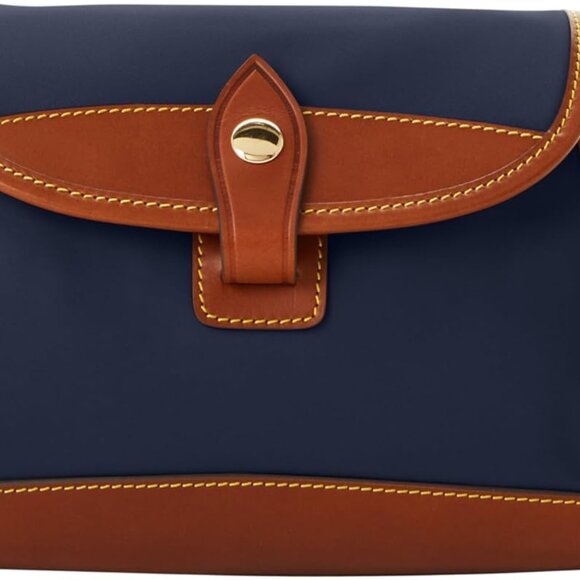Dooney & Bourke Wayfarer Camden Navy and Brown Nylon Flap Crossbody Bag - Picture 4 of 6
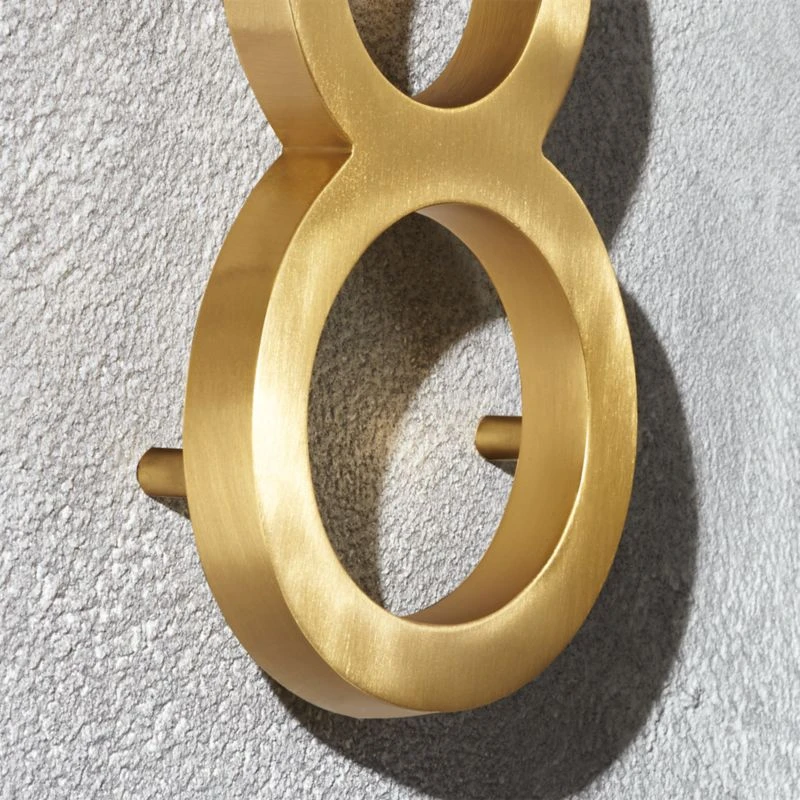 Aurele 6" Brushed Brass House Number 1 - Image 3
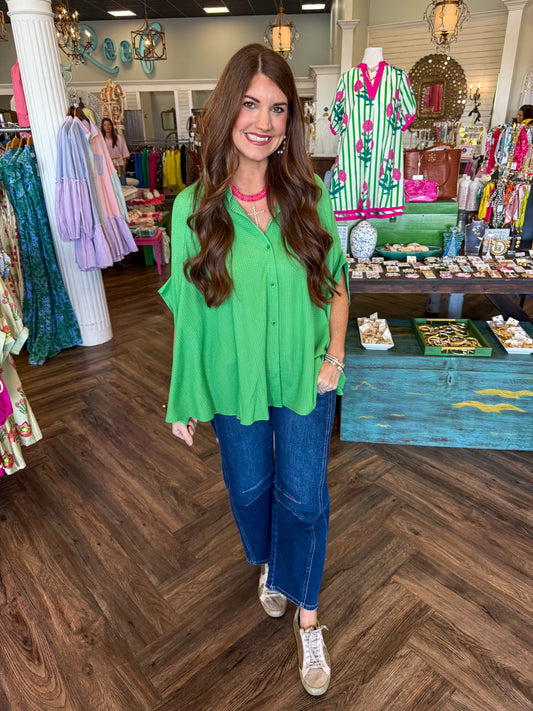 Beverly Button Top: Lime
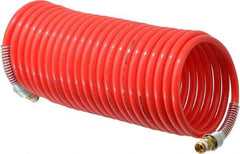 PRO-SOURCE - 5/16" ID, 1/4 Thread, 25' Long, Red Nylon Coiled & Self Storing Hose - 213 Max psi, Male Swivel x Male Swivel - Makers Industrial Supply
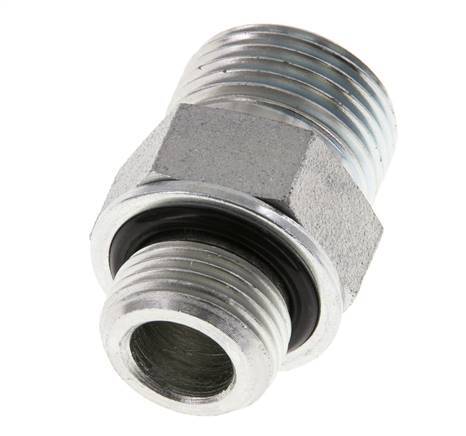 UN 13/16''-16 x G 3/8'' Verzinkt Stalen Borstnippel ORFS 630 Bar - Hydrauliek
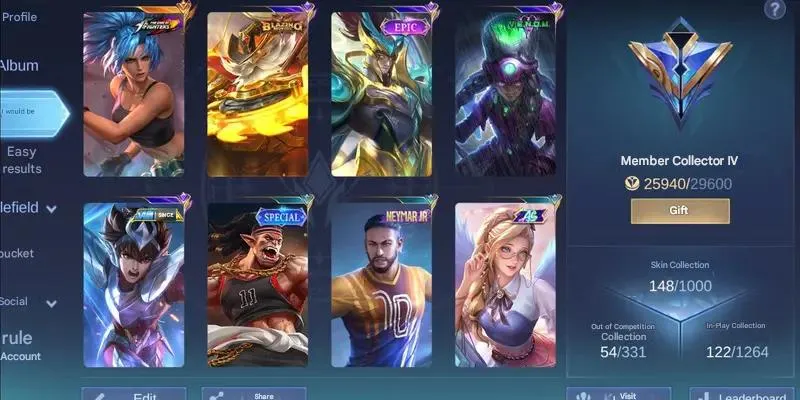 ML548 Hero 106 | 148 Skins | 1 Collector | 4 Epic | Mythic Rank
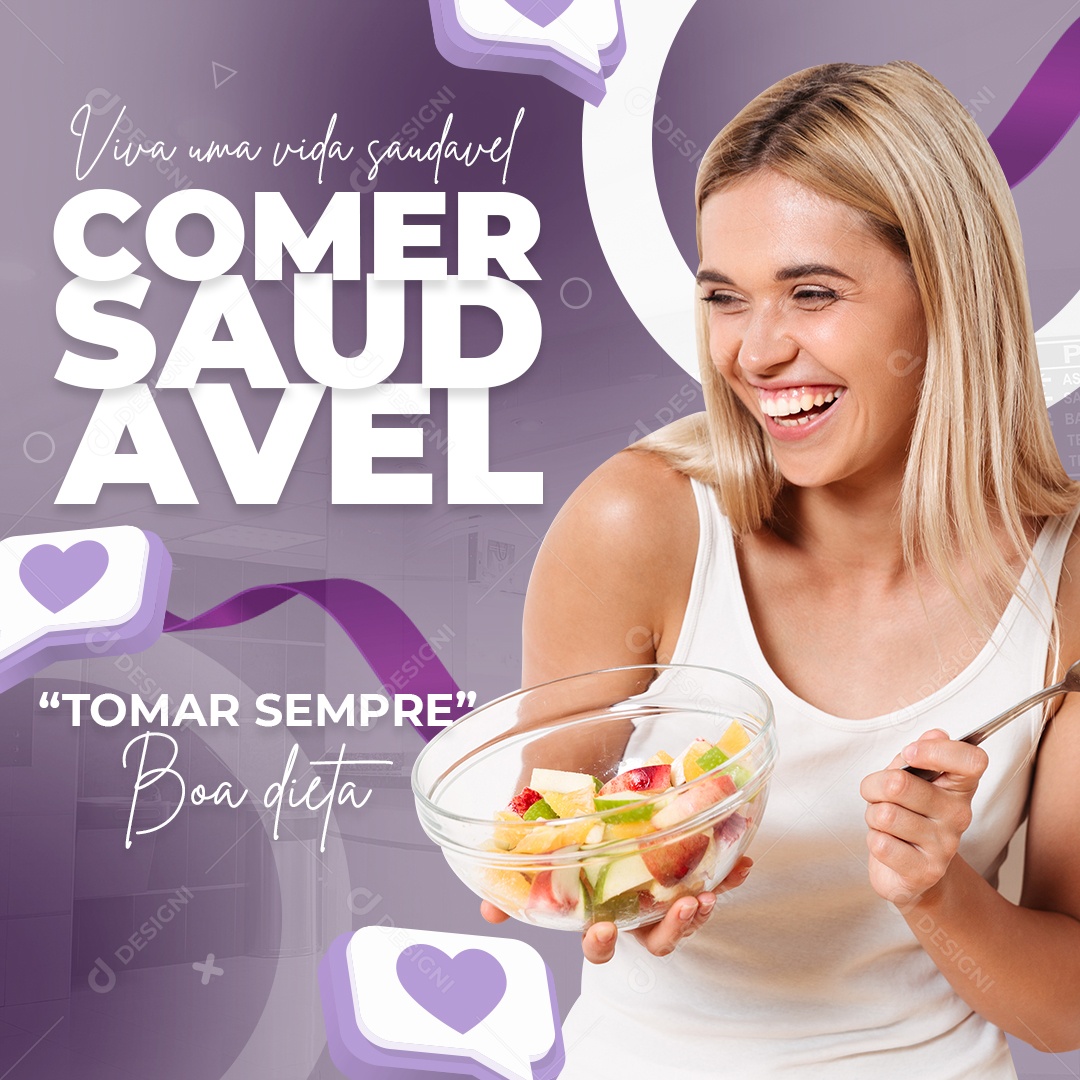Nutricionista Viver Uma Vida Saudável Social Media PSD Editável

******************************

Task -
Leaving out the pictures, print exactly and only the lines from the one containing "1 - Image 3" through the last line of the records.

Exercise solution -
 Aurele 6" Brushed Brass House Number 1 - Image 3
 Beverly Button Top: Lime
 PRO-SOURCE - 5/16" ID, 1/4 Thread, 25' Long, Red Nylon Coiled & Self Storing Hose - 213 Max psi, Male Swivel x Male Swivel - Makers Industrial Supply
 UN 13/16''-16 x G 3/8'' Verzinkt Stalen Borstnippel ORFS 630 Bar - Hydrauliek
 ML548 Hero 106 | 148 Skins | 1 Collector | 4 Epic | Mythic Rank
Nutricionista Viver Uma Vida Saudável Social Media PSD Editável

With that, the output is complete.